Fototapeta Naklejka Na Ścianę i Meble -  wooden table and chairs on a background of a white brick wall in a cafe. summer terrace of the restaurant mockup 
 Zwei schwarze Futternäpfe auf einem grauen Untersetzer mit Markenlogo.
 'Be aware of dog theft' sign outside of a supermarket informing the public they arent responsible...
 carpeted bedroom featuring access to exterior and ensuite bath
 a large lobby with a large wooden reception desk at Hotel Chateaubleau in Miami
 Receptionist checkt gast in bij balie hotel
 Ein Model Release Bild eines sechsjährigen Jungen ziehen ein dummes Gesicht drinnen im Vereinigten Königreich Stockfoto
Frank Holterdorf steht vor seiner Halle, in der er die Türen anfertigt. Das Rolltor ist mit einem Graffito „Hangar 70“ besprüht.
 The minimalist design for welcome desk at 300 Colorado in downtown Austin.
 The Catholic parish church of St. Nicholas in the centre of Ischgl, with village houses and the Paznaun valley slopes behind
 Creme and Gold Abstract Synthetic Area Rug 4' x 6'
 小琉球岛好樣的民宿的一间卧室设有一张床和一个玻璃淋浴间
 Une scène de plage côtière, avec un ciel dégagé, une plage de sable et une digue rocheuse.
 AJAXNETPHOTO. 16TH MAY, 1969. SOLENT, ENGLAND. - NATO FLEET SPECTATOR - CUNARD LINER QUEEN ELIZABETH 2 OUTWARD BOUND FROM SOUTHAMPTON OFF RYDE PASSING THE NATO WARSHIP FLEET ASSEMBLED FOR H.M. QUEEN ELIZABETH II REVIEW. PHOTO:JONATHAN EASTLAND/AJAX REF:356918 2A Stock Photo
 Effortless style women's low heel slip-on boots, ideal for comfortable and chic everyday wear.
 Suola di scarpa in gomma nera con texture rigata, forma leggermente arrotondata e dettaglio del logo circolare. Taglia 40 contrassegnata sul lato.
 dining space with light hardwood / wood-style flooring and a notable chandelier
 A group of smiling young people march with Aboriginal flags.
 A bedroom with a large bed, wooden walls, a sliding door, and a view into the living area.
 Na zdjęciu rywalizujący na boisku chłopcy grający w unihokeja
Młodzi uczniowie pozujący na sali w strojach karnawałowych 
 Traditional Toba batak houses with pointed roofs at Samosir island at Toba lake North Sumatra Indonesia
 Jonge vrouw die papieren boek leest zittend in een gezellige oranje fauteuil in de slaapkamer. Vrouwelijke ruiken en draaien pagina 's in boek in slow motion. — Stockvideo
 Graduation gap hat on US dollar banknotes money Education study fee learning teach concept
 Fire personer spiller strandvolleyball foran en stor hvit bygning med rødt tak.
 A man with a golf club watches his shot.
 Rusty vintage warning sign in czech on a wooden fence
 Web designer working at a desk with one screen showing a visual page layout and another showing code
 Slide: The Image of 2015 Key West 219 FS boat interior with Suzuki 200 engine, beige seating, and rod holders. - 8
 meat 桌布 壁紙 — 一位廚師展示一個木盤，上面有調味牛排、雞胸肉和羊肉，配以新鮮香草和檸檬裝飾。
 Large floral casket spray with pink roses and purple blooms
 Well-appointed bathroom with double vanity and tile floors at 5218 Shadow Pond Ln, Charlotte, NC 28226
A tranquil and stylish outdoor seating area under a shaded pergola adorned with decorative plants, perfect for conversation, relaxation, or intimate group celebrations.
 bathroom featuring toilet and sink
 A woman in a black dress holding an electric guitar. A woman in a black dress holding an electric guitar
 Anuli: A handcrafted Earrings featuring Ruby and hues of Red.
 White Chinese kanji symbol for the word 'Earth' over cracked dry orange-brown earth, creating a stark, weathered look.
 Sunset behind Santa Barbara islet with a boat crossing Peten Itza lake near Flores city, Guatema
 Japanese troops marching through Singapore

- - -

Which lines above run from the one containing "Zwei schwarze Futternäpfe" to the one containing "Frank Holterdorf steht"? Give them again exactly, both ends included.

● **RESULT FOR THIS EXERCISE**
 Zwei schwarze Futternäpfe auf einem grauen Untersetzer mit Markenlogo.
 'Be aware of dog theft' sign outside of a supermarket informing the public they arent responsible...
 carpeted bedroom featuring access to exterior and ensuite bath
 a large lobby with a large wooden reception desk at Hotel Chateaubleau in Miami
 Receptionist checkt gast in bij balie hotel
 Ein Model Release Bild eines sechsjährigen Jungen ziehen ein dummes Gesicht drinnen im Vereinigten Königreich Stockfoto
Frank Holterdorf steht vor seiner Halle, in der er die Türen anfertigt. Das Rolltor ist mit einem Graffito „Hangar 70“ besprüht.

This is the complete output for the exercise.